A Novel Homozygous Selenocysteine Insertion Sequence Binding Protein 2 (SECISBP2, SBP2) Gene Mutation in a Turkish Boy

Gönül Çatli 1,,*, Haruki Fujisawa 2,,*, Özgür Kirbiyik 3, Mizuho S Mimoto 2, Pinar Gençpinar 4, Taha Reşid Özdemir 3, Bumin Nuri Dündar 1, Alexandra M Dumitrescu 2,,5,
PMCID: PMC6154453  PMID: 29882503

Abstract

SECISBP2 is an essential factor in selenoprotein synthesis, and its mutations result in a multiorgan syndrome, including abnormal thyroid hormone metabolism. A 10-year-old obese Turkish boy born to consanguineous parents presented with high thyroxine, low triiodothyronine, high reverse triiodothyronine, and normal or slightly elevated thyrotropin. He also had attention-deficit disorder and muscle weakness but no delay in growth or bone age. Sequencing of genomic DNA revealed a novel c.800_801insA, p.K267Kfs*2 mutation, homozygous in the proband and heterozygous in both parents and his brother. Studies showed reduction in several selenoproteins in serum and fibroblasts.

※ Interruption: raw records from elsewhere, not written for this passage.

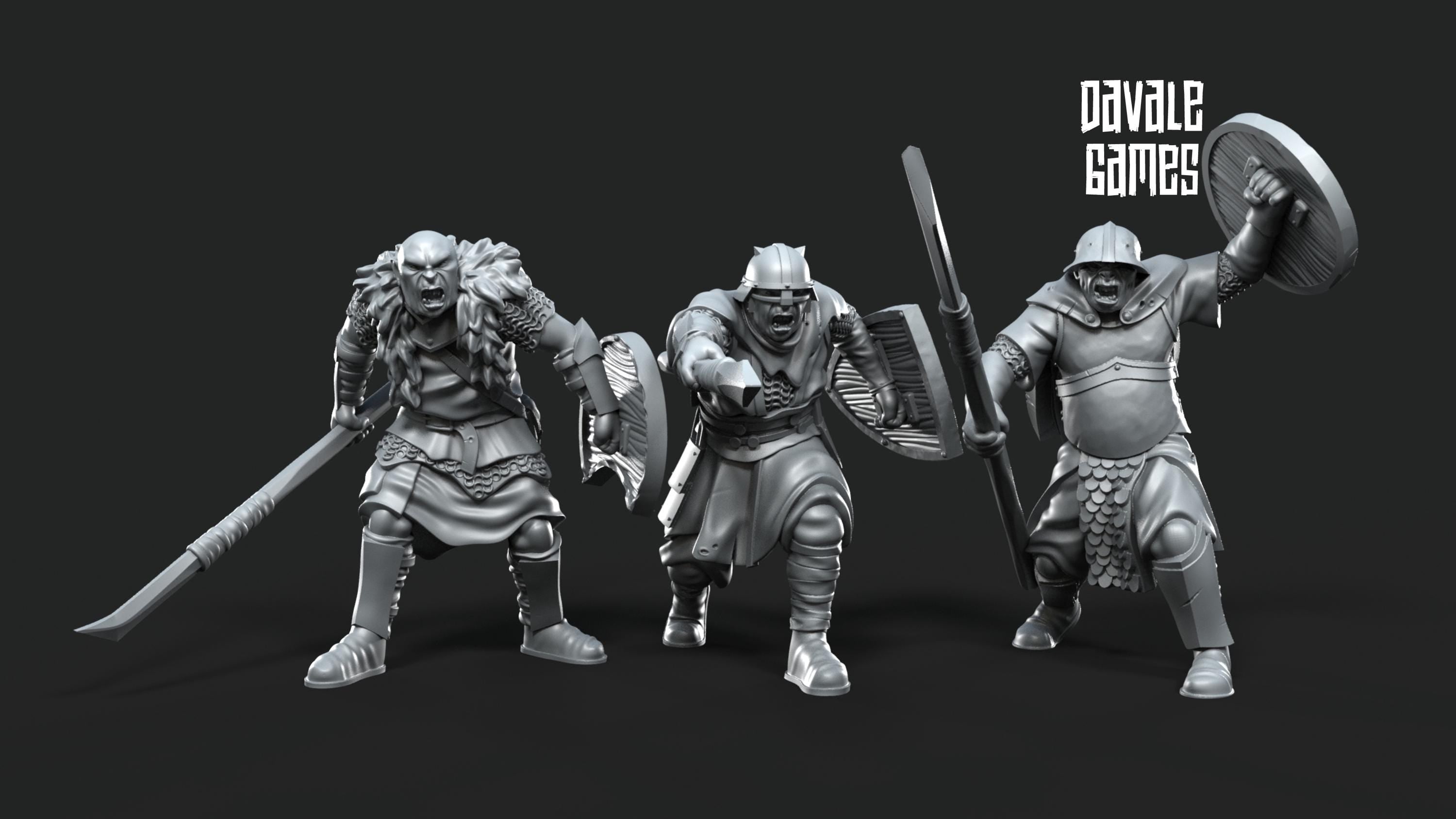 Mörlok Orcs with spears 28mm miniatures dnd gift fantasy miniatures dungeons and dragons minis wargaming miniatures tabletop wargames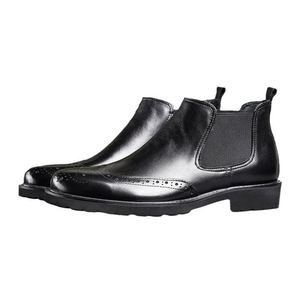 Zapatos de Hombre de Cuero Genuino Personalizados, de Primera Capa de Piel de Vacuno, con Borde Abierto y Adornos, Formales de Negocios, Estilo Británico de Tres Secciones - Product Image 4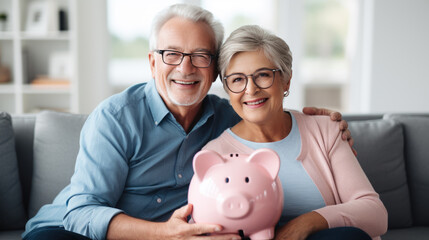 Cheerful senior couple sitting closely together on a sofa, holding a piggybank, symbolizing financial security and savings in their retirement years. - obrazy, fototapety, plakaty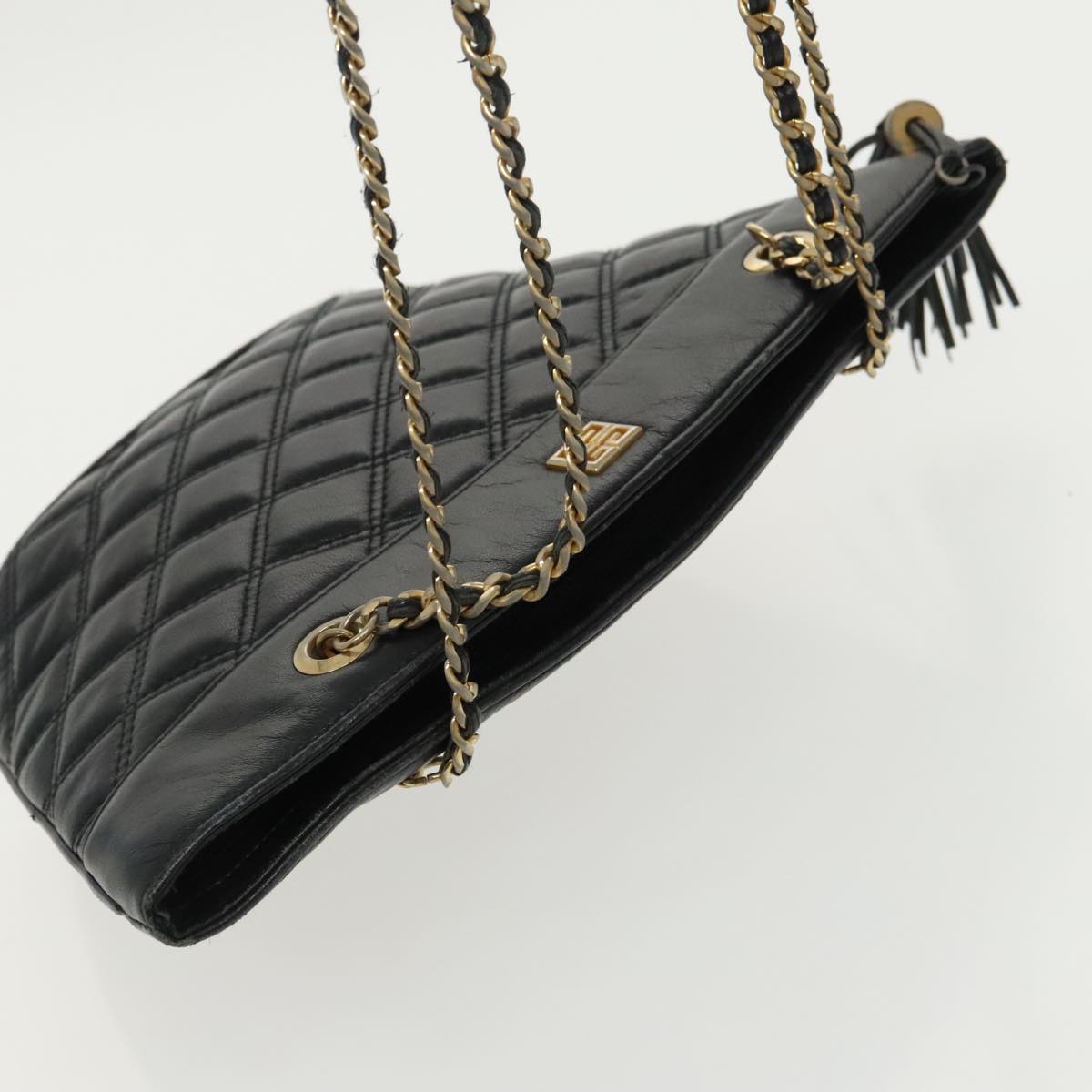 GIVENCHY Chain Shoulder Bag Leather Black Gold Auth 98879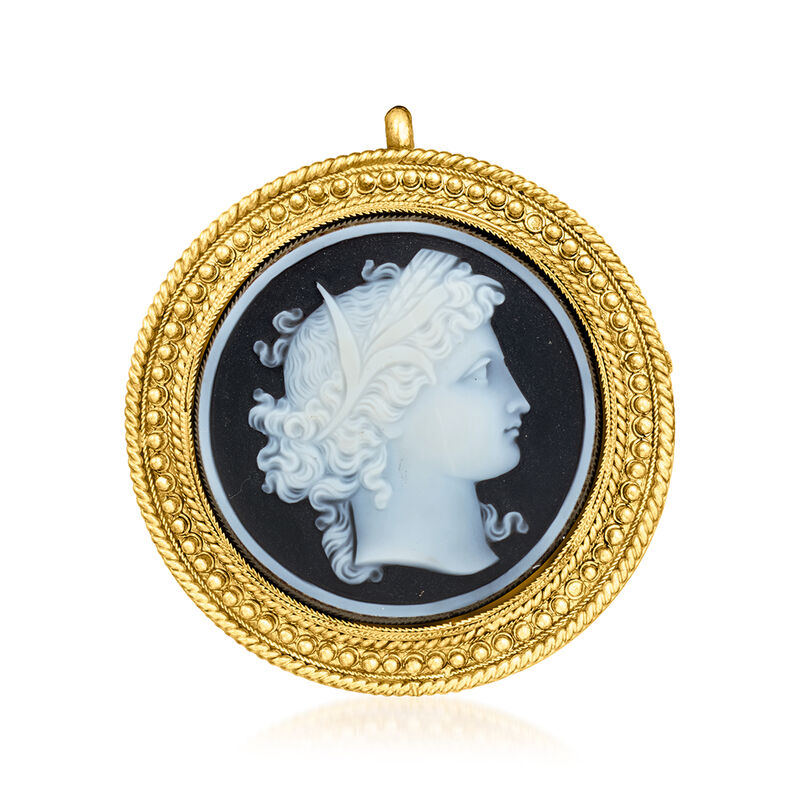 C. 1900 Vintage White Agate Cameo Pin/Pendant in 18kt Yellow Gold  image number 3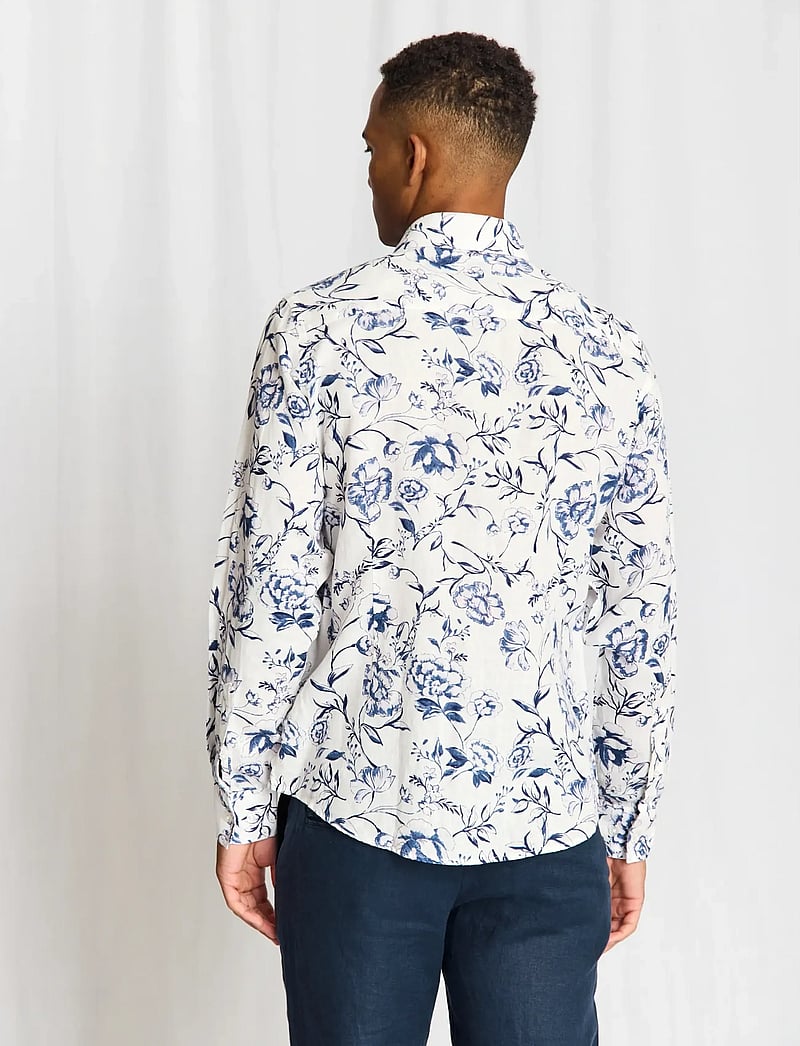 Bruun & Stengade - BS Mengel Casual Modern Fit Shirt - mønstrede skjorter - white - 0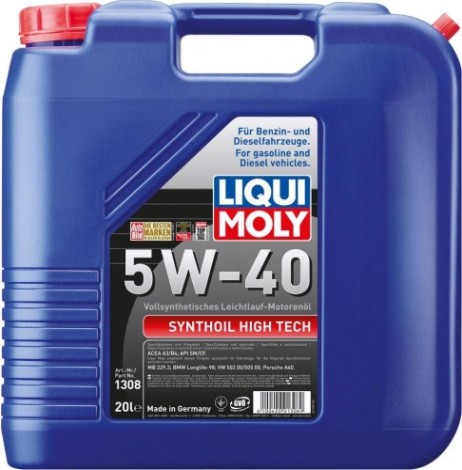 Масло моторное LIQUI MOLY SAE 5W40 Synthoil High Tech 20 л 1308 синтетическое [1308]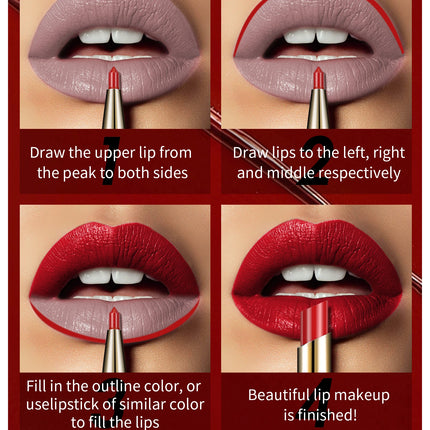 Matte 14-colors Lip Liner Pencil Bevel Design Nib Lip Contour Lipstick Nude Brown Lipstick Pencil Natural Lasting Lipliner Makeu
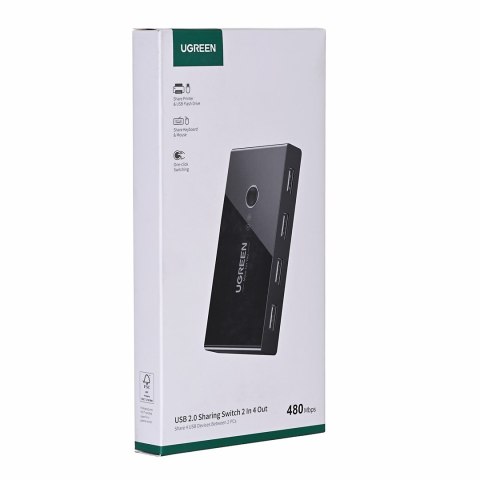 Ugreen Switch box HUB 4xUSB 2.0 (na 2 komputery) czarny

Keywords: : SECISBP2, SBP2, selenium, selenoprotein, deiodinase, thyroid hormone metabolism defect

Introduction

Humans express 25 selenoproteins. SECISBP2 interacts with the selenoprotein insertion sequence elements in the 3′-untranslated regions of selenoprotein mRNAs to recode the UGA codon as a selenocysteine. Selenoproteins have diverse biological functions, including the control of cellular redox homeostasis (glutathione peroxidases), regulation of protein folding and degradation (SEP15), and thyroid hormone metabolism (deiodinases). SECISBP2 gene mutations were found to be associated with multiorgan defects, including abnormal thyroid hormone metabolism, myopathy, hearing loss, and male infertility (1,2). Here, a case is described with a novel homozygous SECISBP2 gene mutation that presented with abnormal thyroid function tests (TFTs) and muscle weakness.

Case History

The proband was born to first cousins of Turkish origin. Pregnancy, delivery at 37 weeks, birth weight, and early development were normal. He was 10 years old when one of the authors (G.C.) was consulted to evaluate the patient for obesity. He had leg weakness, fatigued easily, and had attention-deficit disorder with poor school performance. At 11 years and 5 months, his weight was 67.7 kg (SDS +2.02), his height was 148.2 cm (SDS −0.45), his body mass index (BMI) was 29.5 kg/m2 (SDS +2.19), and his bone age was 11 years. Tanner stage was III, with a testes volume of 10 mL. His mother's and father's BMIs were 29.6 and 28.4 kg/m2, respectively. Right-eye ptosis was present since infancy. He had no goiter (volume 1.7 mL on ultrasound; SDS −1.92). Neurological examination revealed Gowers' sign, indicating weakness of the proximal lower-limb muscles. Muscle biopsy was normal, though electromyography revealed myogenic involvement of the proximal upper and lower extremities, and magnetic resonance imaging (MRI) showed fatty infiltration of the muscles. His IQ score was 91. His audiogram and echocardiogram were normal.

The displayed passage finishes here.